= Charles Heinz (singer) =

Charles Robert Heinz (November 16, 1940 – April 2011) was a pop and religious singer, and minister of music, in Germantown, Tennessee.

His father was an elder in the family's church.

In his mid-teens, he recorded two of the earliest 45 rpm pop-music records for Satellite Records, which soon became Stax. At 16, he was preparing for the release of "Destiny", backed by "Prove Your Love". He asked a girl named Freda (whom he would later marry) that he be invited to her 13th birthday party, and they began dating.

The flip-side song proved a local hit on release in 1959, but in September 1960, his "Suddenly", backed by "Nobody Cares", was released, with less success.

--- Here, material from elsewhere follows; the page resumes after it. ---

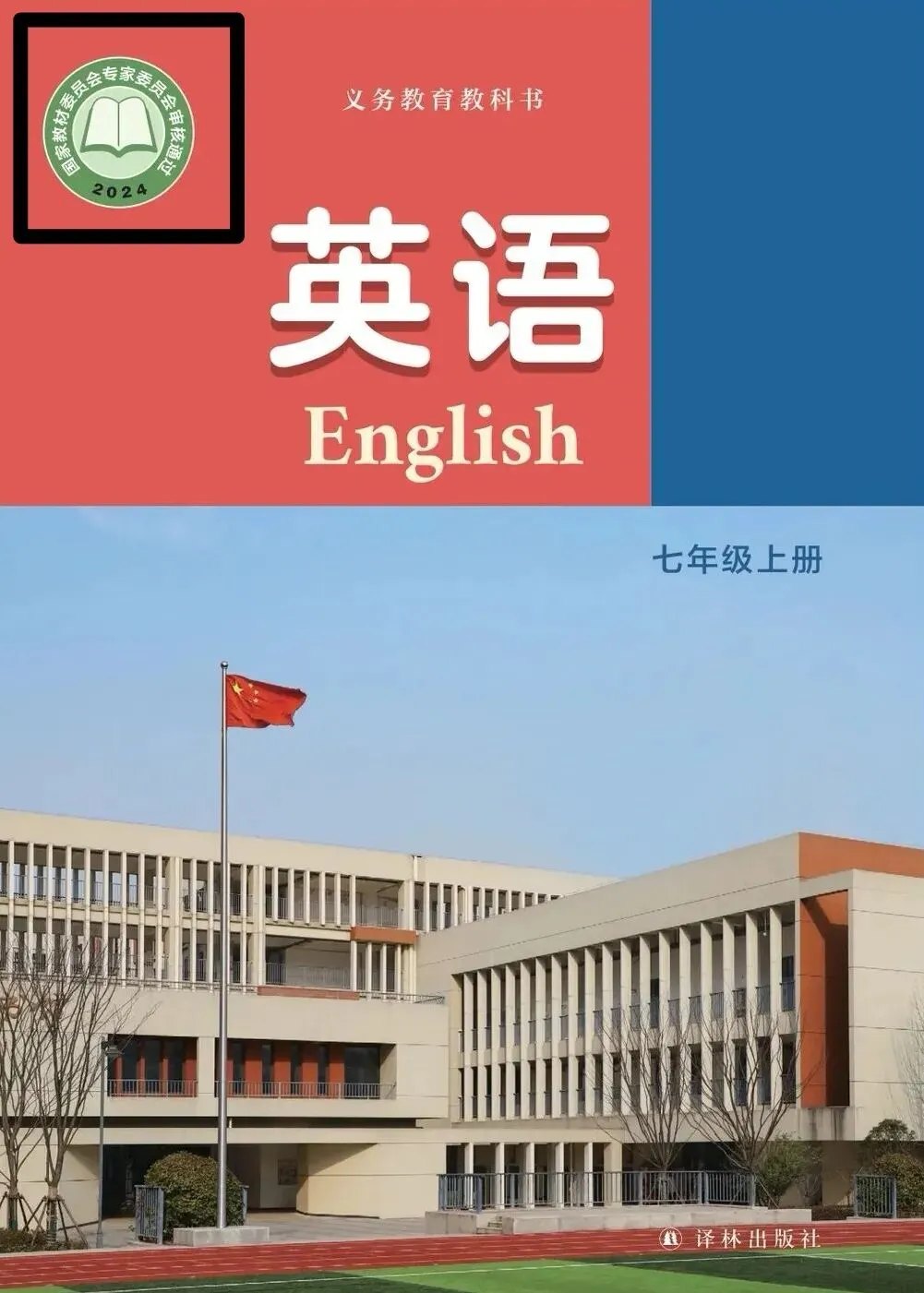 预备|2026年龙门中考复读学校(光华校区)新生入学准备通知!-第12张图片-四季读书网 预备|2026年龙门中考复读学校(光华校区)新生入学准备通知!-第12张图片-四季读书网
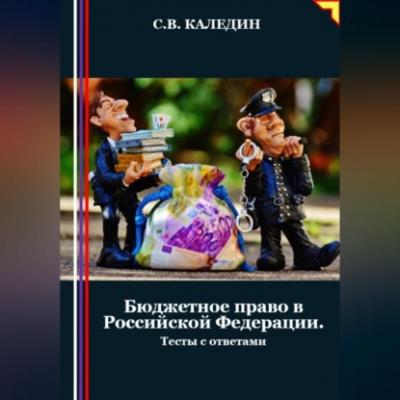 Бюджетное право в Российской Федерации. Тесты с ответами - Сергей Каледин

After dating for three years, he and Freda "ran away", and married with her parents permission.

He took a job in the management of a retail store, and moved his family to Alabama to take a promotion.

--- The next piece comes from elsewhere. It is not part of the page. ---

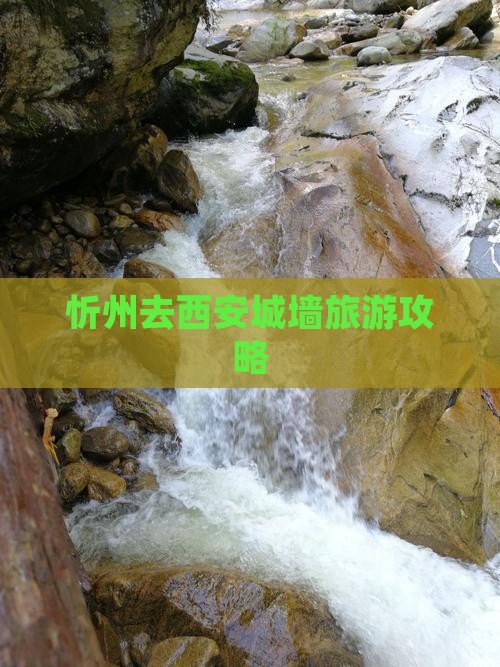 忻州去西安城墙攻略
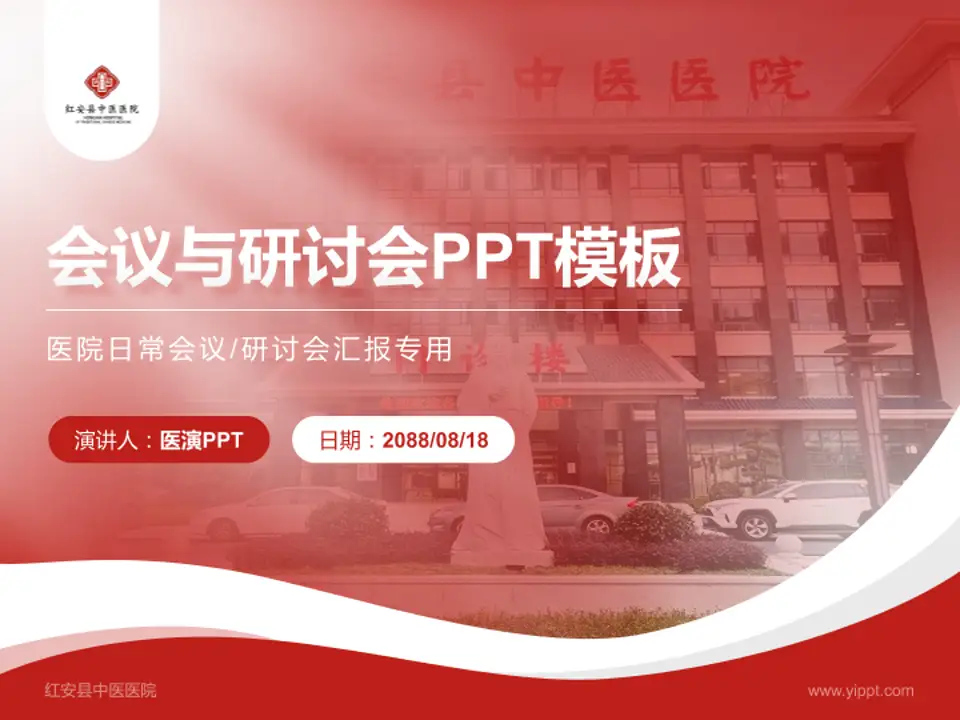 红安县中医医院会议与研讨会PPT模板4:3格式PPT封面效果预览图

Becoming dissatisfied with his work, he moved the family back to Tennessee; his father sensed a spiritual dissatisfaction, and urged a pastor friend to see whether their interests would be as close as he sensed. The son and the pastor found a common ground, and Heinz became involved in the pastor's use of music with this congregation. Heinz found this activity fulfilling, and in time took charge of and developed the music program beyond expectations, and made it his career.

In February, 2011, he celebrated his retirement from the ministry, and died in April of the same year at the age of 70.